Medical policies that cover outpatient department are quite expensive. Buy them only if you intend to use the facilities.
Increasingly, more and more insurance companies are offering covers for medical treatments that do not require hospitalisation (outpatient department, or OPD).
ICICI Lombard General Insurance and Bajaj Allianz General Insurance were the first ones to launch such products, offering their Health Advantage Plus and Tax Gain Plan, respectively. Apollo Munich Health Insurance is the latest to launch such a product, called Maxima.
“Of the total medical expenditure, a family typically spends over 60 per cent in non-hospitalisation expenses, or OPD,” said Sanjay Datta, head of health insurance at ICICI Lombard. He said the product would help avert big diseases as regular check-ups would ensure that illnesses were controlled in time.
All the companies have loaded their policies with a host of features other than OPD. For example, Health Advantage and Maxima pay for maternity expenses. This includes visits to doctors for tests.

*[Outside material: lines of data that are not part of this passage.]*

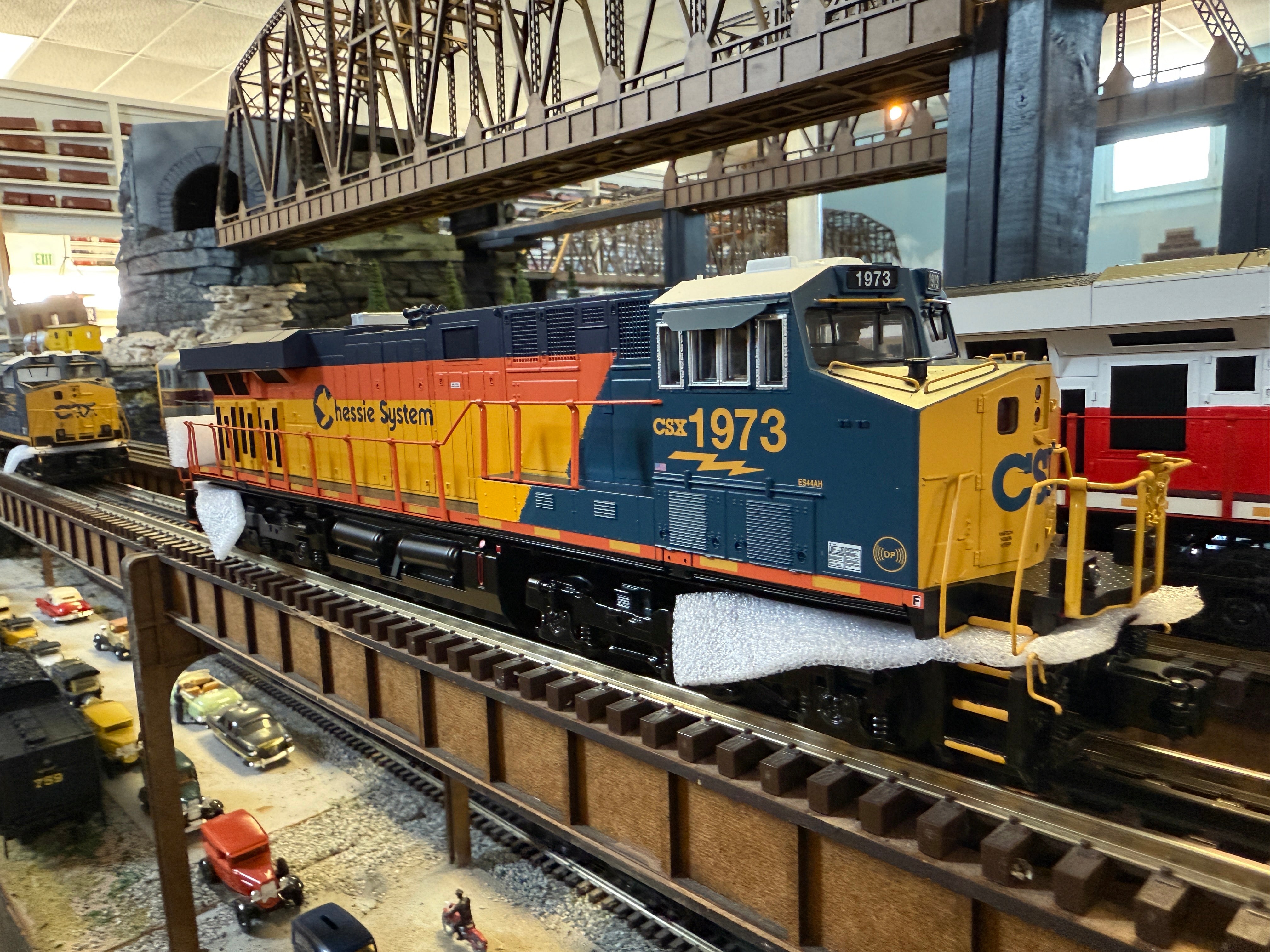 MTH 30-21242-1 - ES44AC Imperial Diesel Engine "CSX" #1973 w/ PS3 (Chessie Heritage)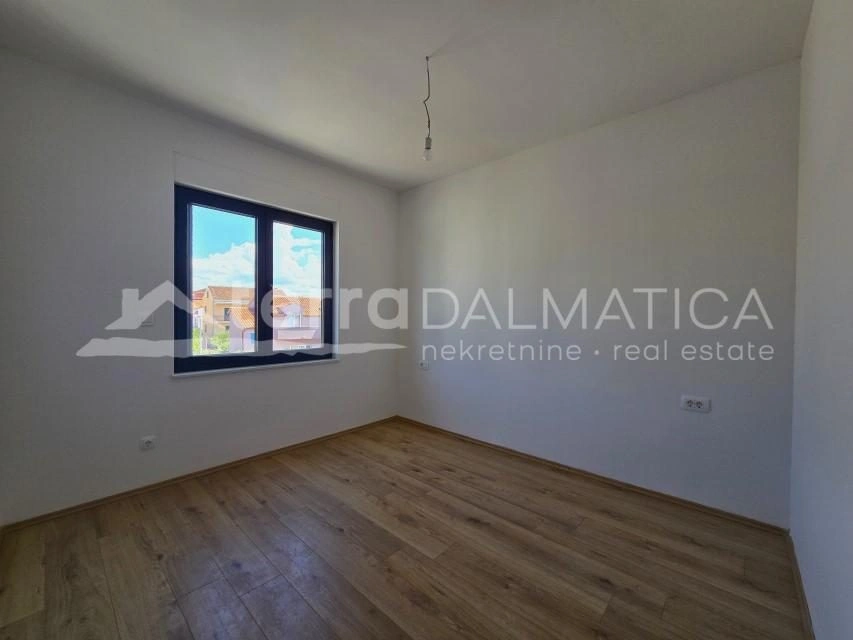 Komfortable Wohnung mit 110 m² Dachterrasse in der Nähe von Šibenik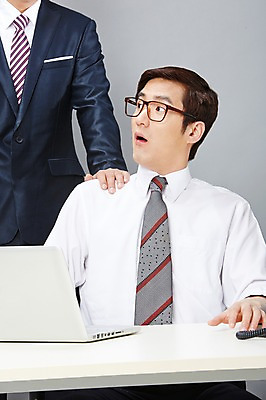 포토 JPG 스튜디오촬영 남자 안경 비즈니스 실내 서기 사람 앉기 동양인 정장 상반신 20대 성인 두명 비즈니스라이프 노트북 한국인 업무 직장인 비즈니스맨 작업실 상사 책상 즐거움 감시 부적응 남자만 성인남자만 청년만 청년남자만 성인만 안경낌 국내포토 직업 라이프스타일 잡화 옷 감정 가구 컨셉 모션 인종 청년 내부 전자제품 작업 파일형식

These also pay for claims arising out of dental treatments.
However, industry experts and financial planners said these policies were helpful but not a replacement to the regular policies that gave higher coverage at low premiums.
The premium for ICICI Lombard’s Health Advantage Plus is a flat Rs 15,000 yearly until the age of 60 for sums of both Rs 2 lakh and Rs 3 lakh. After that, the yearly premium is Rs 20,000. However, the OPD benefit differs according to age and sum insured. For someone between 36 and 45 years, the maximum claim under OPD can be up to Rs 8,500 and 8,000 for sum insured of Rs 2 lakh and Rs 3 lakh, respectively. The premium in the regular health insurance plan for someone aged 35 and looking for a sum insured of Rs 2 lakh is Rs 2,777 a year. Someone aged 55 has to pay Rs 6,193 for a cover of Rs 2 lakh.

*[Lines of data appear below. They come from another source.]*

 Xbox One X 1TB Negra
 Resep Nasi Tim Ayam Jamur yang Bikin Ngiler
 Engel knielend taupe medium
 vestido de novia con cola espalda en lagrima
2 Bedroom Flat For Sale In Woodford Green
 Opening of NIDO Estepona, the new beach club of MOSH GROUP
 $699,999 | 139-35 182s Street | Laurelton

“These plans do give additional facilities like daily cash and reimbursement for dental treatment. So, they definitely has some merit. Go for it only if you have surplus cash,” said Kartik Jhaveri, a certified financial planner.

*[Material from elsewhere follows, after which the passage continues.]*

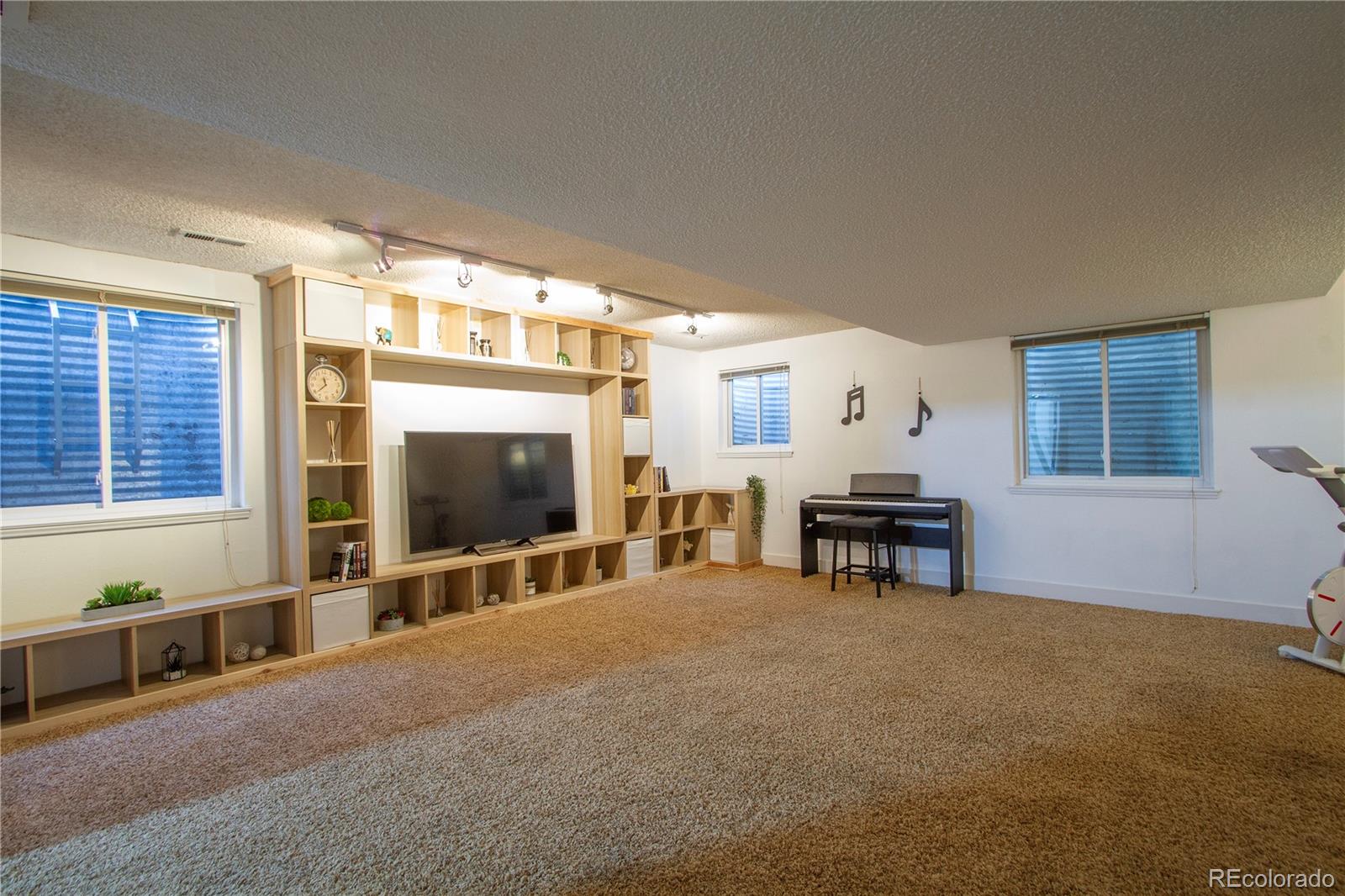 MLS Image #21 for 4868 s johnson street,littleton, Colorado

Another financial planner said though people took such expensive covers, they rarely sent the bills to insurance companies for claims. “It is good to cover incidental costs but mostly it is seen that such policyholders do not have the discipline to file claims on a regular basis,” said Anil Rego, a certified financial planner.
An insurance broker said insurance companies had combined individual plans such as hospital cash to make it a comprehensive cover. The premiums increase with the benefits. “Young professionals who do last-minute tax planning opt for such plans as premiums are high and they get tax benefit under Section 80D,” he said.
He said these policies came with caveats and fine print that a person should understand before buying. For example, Apollo Munich Health Insurance’s Maxima has sub-limits for various expenses. The policy will insure a person only up to three consultations with general practitioners, physicians, gynaecologists and paediatricians. The reimbursement for diagnostic tests and spectacles is restricted to Rs 1,000 within the company’s network hospitals.
All insurance companies settle OPD claims for specified diseases and procedures. Bajaj Allianz’s Tax Gain Plan specifies it will cover only 130 day-care procedures subject to conditions. For instance, treatment for visual problems is covered but the cost of spectacles will be met only if the policy is in the second year, subject to a limit of 25 per cent of the OPD cost.